Dr. Trunkey nevertheless pressed on, identified some empty ward space, recruited nurses for the unit, found an old bathtub to use, and invited the mayor of San Francisco, Joseph Alioto, to dedicate the “Alioto Burn Center.” Dr. Blaisdell invited the famous chair of surgery at Louisville, Dr. Hiram Polk, to give a talk at the dedication ceremony. City dignitaries were invited. Only on the day of its opening did the hospital director find out about it, but it was already a fait accompli, lauded by the mayor and Director of Public Health, who had found funding for it!

When Dr. Blaisdell left San Francisco in 1978 to assume the chair of surgery at the University of California, Davis, Dr. Trunkey was appointed chief of surgery at SFGH. He served in that capacity for 8 years, until becoming the chair of surgery at the Oregon Health and Science University in 1986. Although he was only 41 when he became the chair of surgery at SFGH, he had already achieved international stature as a trauma surgeon due to his research, his publications, and his larger-than-life persona. Just the year before, he had co-authored a landmark study that demonstrated the superior outcomes of injured patients who were cared for in a trauma center rather than a private community hospital without special expertise in trauma. He became chief just as a property-tax limitation measure, Proposition 13, had been passed in California that severely decreased the funding available for public services, such as supporting a city/county hospital for the poor. Fortunately, SFGH had by then gathered such high regard as THE place to go if you were injured, that it was able to survive as an institution. Its survival was in no small way due to the skill, personality, and great accomplishments of its leader.

Over the next 8 years he solidified the importance of organized systems of care in achieving good outcomes for the injured patient. He and a small cadre of his contemporaries on the American College of Surgeons Committee on Trauma (COT) established the Advanced Trauma Life Support (ATLS) system as a mandatory aspect of trauma care and developed a system of certification and verification of hospitals’ ability to manage trauma patients. He served as chair of the COT from 1982 to 1986. He became a director of the American Board of Surgery, President of the Society of University Surgeons, and President of the American Association for the Surgery of Trauma.

Although Dr. Trunkey was required by his many national roles and his growing international fame to travel from San Francisco frequently, he assembled a distinguished and highly capable cadre of surgeons at SFGH, each of whom had gained expertise in the broad range of surgical and medical skills needed to provide the highest level of care for the most critically injured and ill of our society. He continued the research program begun under Dr. Blaisdell’s leadership, but expanded it to include more clinical and collaborative research. He developed the Trauma Foundation as a major force in trauma prevention.

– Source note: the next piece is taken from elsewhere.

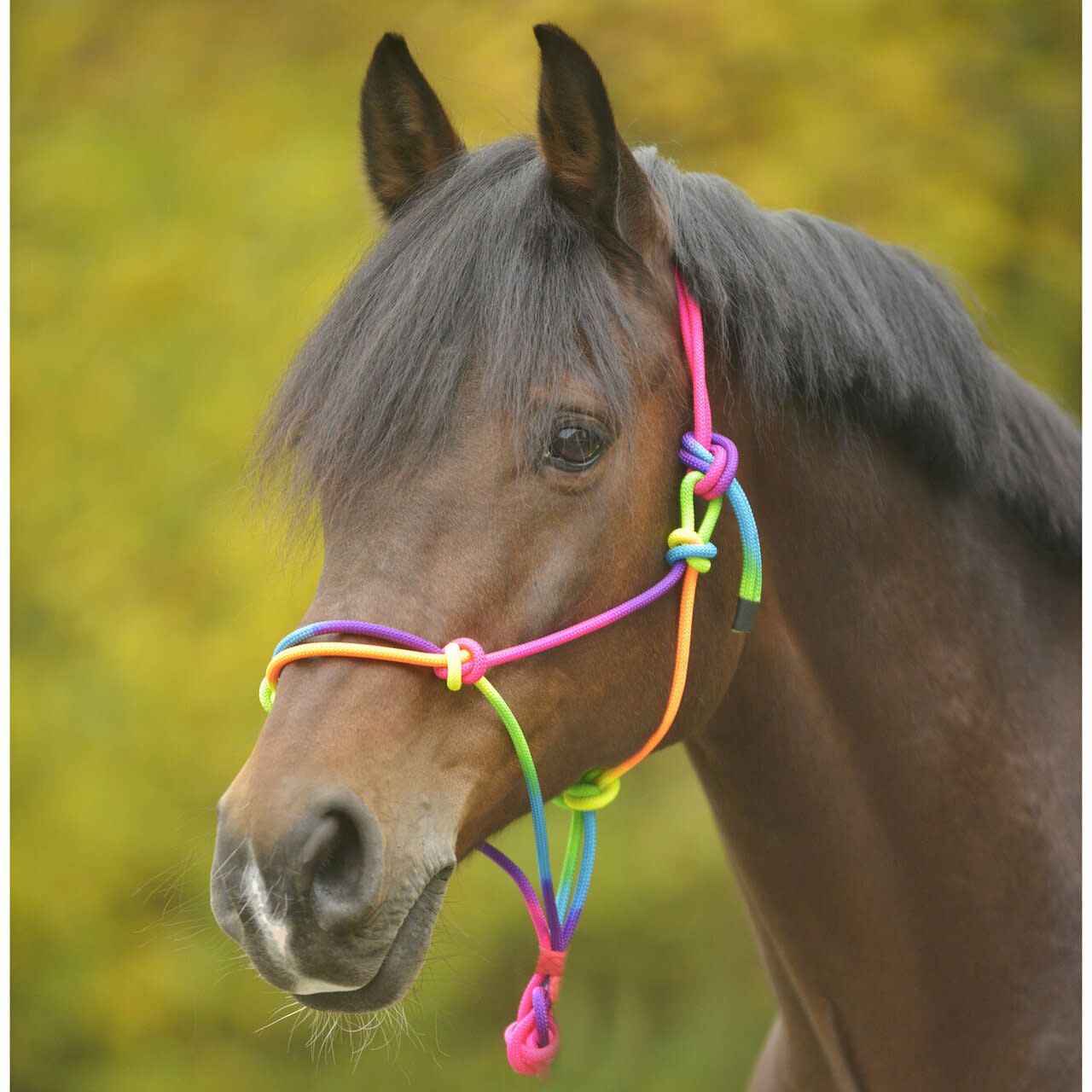 Paretti Rainbow Rope Halter Full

By the time Dr. Trunkey left San Francisco for his position in Oregon, SFGH had been firmly established as one of the nation’s foremost trauma centers and its existence was secure. He left an indelible mark on the institution.

Karen Deveney, M.D., F.A.C.S.

The above remarks are drawn from both personal recollection as well as from the excellent account contained in the book, The History of the Surgical Service at San Francisco General Hospital authored by Drs. William Schecter, Robert Lim, George Sheldon, Norman Christensen, and F. William Blaisdell.